After five years at CapX, and four as editor, I’m very sorry to say I’ll be stepping down at the end of next week. So for my last Weekly Briefing I’d like to reflect on my time in this wonderful job. (I hope you will forgive some mild self-indulgence on this occasion, safe in the knowledge that it’s the last you’ll be hearing from me!)
One of my first pieces upon arriving here five years ago was a rejoinder to the many gloomsters and doomsters. Picking up on the late Hans Rosling’s book Factfulness, I reminded readers that although we live in an age of hyperbole, catastrophism and the widely shared conviction that everything is going to the dogs, there are still many reasons to be cheerful.
It’s safe to say the years since I wrote that piece have challenged even the most congenitally optimistic of observers. Though rightwingers could cheer the demise of Corbynism and the eventual securing of Brexit, on the whole British politics from 2018 onwards has been a period of mostly bile and gloom.
All the more reason, perhaps, to widen our gaze a bit and look anew at some of the global ‘reasons to be cheerful’ – from declining infant mortality, to access to education, better healthcare and the miraculous advances in computing technology that we take for granted. Human beings’ extraordinary capacity for innovation and progress often goes unnoticed, and I’m glad CapX is one of the places you can still come to read some occasional good news amid the quagmire of glumness.
And it’s also true that for all the confident eschatology of protestors and pundits, be it about climate change or AI, the one thing most humans remain spectacularly bad at is predicting the future. Indeed, the history of science and letters, let alone political punditry, is littered with totally duff prognoses about where society is headed.
The fact we might not be heading for Armageddon is a pretty low bar for socio-political satisfaction, however. And we need to get real: in the here and now, Britain’s political economy is failing badly. As this recent FT data visualisation neatly illustrates, the UK is a middling country with one very affluent city. Our living standards are way behind our cousins across the Atlantic and appreciably worse than European peers like France and Germany.
We can don rose-tinted glasses and hope for a technological deus ex machina, but that is not going to wipe out the high cost of housing or raising a child, both which are stopping lots of Brits from living the lives they want to live. That situation, that stifling of life chances, is also intensifying the sense of disconnection both between the generations and between voters and the political class.

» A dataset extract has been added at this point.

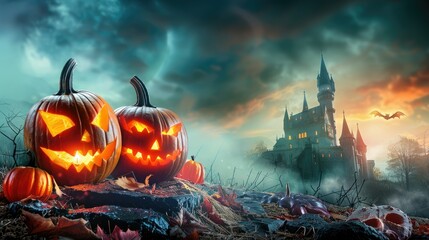 halloween backgrounds, spooky, dark, night, castle, pumpkin backgrounds concept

One crumb of comfort is that housing and childcare costs are at least higher up the political agenda than they were when I started – better late than never. But that’s just a starting point. Pointing fingers at one politician, council or party would be easy enough, but the truth is that virtually our entire political class is still in hock to a system that primarily works to protect older people’s property wealth (not to mention the cursed triple lock).
There is not one British political tradition that should find this situation acceptable. For leftwingers it’s so manifestly unfair and deleterious to social mobility it barely needs spelling out. For liberals it’s an infringement on people’s basic ability to live life as they see fit, for social conservatives it’s a threat to the very fabric of our society.
So whoever is next in government ought to dispense with the endless inane distractions of campaigning groups whose chief interest is getting themselves media attention, and make reducing all of the costs of living the overriding mission for the rest of this decade (and probably beyond).
I’d like to end on a personal note. I’ve learned an enormous amount doing this job in the last five years – from my wonderful, talented and very kind colleagues at the Centre for Policy Studies, from CapX’s many brilliant contributors and from you, our learned and passionate readers. Thank you all very much indeed.
A particular thank you to two people: first, to our editor-in-chief, Robert Colvile, under whose leadership the CPS and CapX have gone from strength to strength. Second, to my successor as editor, Alys Denby, who has been a wonderful colleague and friend for the last three years. I could not be leaving the site in more capable hands.